To date, Black and Veatch has taken 27 sample earth borings in the area. Four more are scheduled.

 

For his part, Lesniak told the committee that the city had started to discuss what sort of measures could be taken to ensure a safe separation between the tunnel and any groundwater that may get missed in a study. “It’s just not physically possible to put a boring every 10 feet along this route and so there are gaps in the knowledge,” he said.

 

He told the board that his team was looking into methods other than just depth that they could work into the tunnel’s design that would “ensure that we don’t have a significant amount of water coming (in).” Though he wasn’t ready to discuss specifics, he said that they could have more details in about a month. 

 

As for the tunnel’s biological impact, Lesniak said that he and a team of scientists had walked a sizeable portion of the potential Spicewood Springs shaft site and some adjacent natural areas.
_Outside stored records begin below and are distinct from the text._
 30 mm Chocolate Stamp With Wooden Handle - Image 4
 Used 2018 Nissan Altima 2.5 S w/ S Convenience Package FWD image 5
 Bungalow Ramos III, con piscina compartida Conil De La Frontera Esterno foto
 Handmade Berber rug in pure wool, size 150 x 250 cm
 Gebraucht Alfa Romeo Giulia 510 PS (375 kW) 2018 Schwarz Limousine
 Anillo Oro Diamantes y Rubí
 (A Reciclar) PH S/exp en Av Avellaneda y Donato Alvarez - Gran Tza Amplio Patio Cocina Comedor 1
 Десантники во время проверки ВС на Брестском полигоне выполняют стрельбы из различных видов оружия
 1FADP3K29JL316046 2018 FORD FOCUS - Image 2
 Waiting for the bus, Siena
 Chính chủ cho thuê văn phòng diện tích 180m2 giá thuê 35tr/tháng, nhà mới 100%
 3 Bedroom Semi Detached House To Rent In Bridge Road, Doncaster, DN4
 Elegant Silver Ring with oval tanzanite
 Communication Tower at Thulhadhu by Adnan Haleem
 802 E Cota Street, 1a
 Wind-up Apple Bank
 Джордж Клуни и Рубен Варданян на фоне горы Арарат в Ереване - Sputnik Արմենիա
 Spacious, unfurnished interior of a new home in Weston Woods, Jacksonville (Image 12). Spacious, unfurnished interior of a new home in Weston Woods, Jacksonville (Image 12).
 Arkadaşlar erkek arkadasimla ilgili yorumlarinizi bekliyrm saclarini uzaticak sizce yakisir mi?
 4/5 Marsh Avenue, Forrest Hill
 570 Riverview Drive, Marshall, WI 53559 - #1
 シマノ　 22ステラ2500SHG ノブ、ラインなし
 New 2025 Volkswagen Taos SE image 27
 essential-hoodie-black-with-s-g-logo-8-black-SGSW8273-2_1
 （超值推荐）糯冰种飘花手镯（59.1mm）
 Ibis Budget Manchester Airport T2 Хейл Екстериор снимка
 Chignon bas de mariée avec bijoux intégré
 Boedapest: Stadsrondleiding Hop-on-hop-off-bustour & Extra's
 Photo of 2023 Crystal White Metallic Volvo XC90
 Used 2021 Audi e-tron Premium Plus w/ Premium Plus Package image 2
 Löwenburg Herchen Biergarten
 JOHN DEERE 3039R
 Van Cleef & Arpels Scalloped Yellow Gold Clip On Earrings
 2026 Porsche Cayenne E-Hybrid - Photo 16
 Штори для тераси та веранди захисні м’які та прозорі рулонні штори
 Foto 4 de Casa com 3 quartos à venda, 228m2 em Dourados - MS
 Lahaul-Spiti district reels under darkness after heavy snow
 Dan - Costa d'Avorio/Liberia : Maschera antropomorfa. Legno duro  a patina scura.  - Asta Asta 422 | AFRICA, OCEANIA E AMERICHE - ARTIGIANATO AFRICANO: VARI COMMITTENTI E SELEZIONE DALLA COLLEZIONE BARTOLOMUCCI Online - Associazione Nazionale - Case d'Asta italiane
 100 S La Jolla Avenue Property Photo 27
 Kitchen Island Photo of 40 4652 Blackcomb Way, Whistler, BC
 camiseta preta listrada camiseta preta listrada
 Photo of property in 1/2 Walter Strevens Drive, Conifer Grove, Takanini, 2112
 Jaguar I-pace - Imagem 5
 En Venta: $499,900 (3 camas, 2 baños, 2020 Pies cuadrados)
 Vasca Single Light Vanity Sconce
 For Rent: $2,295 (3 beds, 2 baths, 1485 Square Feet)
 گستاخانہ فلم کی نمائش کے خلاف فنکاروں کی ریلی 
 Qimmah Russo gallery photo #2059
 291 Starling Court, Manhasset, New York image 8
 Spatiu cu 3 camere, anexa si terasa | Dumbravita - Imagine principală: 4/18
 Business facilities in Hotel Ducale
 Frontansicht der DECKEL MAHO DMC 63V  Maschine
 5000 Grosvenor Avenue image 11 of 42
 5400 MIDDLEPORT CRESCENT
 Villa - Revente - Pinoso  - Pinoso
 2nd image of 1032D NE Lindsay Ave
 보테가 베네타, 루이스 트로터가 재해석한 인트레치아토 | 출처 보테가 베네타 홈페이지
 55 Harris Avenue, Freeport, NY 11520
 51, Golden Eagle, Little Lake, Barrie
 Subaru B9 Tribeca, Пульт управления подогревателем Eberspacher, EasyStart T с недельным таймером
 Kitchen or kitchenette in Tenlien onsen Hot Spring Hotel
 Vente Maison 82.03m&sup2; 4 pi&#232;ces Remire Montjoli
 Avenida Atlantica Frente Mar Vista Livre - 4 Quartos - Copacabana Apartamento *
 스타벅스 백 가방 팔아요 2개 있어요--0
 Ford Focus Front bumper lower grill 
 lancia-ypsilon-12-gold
He said that the city’s “salamander biologist” found “degraded but potential (salamander) habitat.”

 

“We didn’t find any salamanders but we didn’t do what I would call an exhaustive survey,” he said. “But what (the biologist) told me was that he would consider this marginal at best for salamander habitat.” The Save Our Springs Alliance and Environment Texas have filed suit in federal court claiming that the city and the US Fish and Wildlife Service are violating a federal law by proceeding with the plant before environmental studies are finished. One of the species the groups fear the plant might harm is the Jollyville plateau salamander.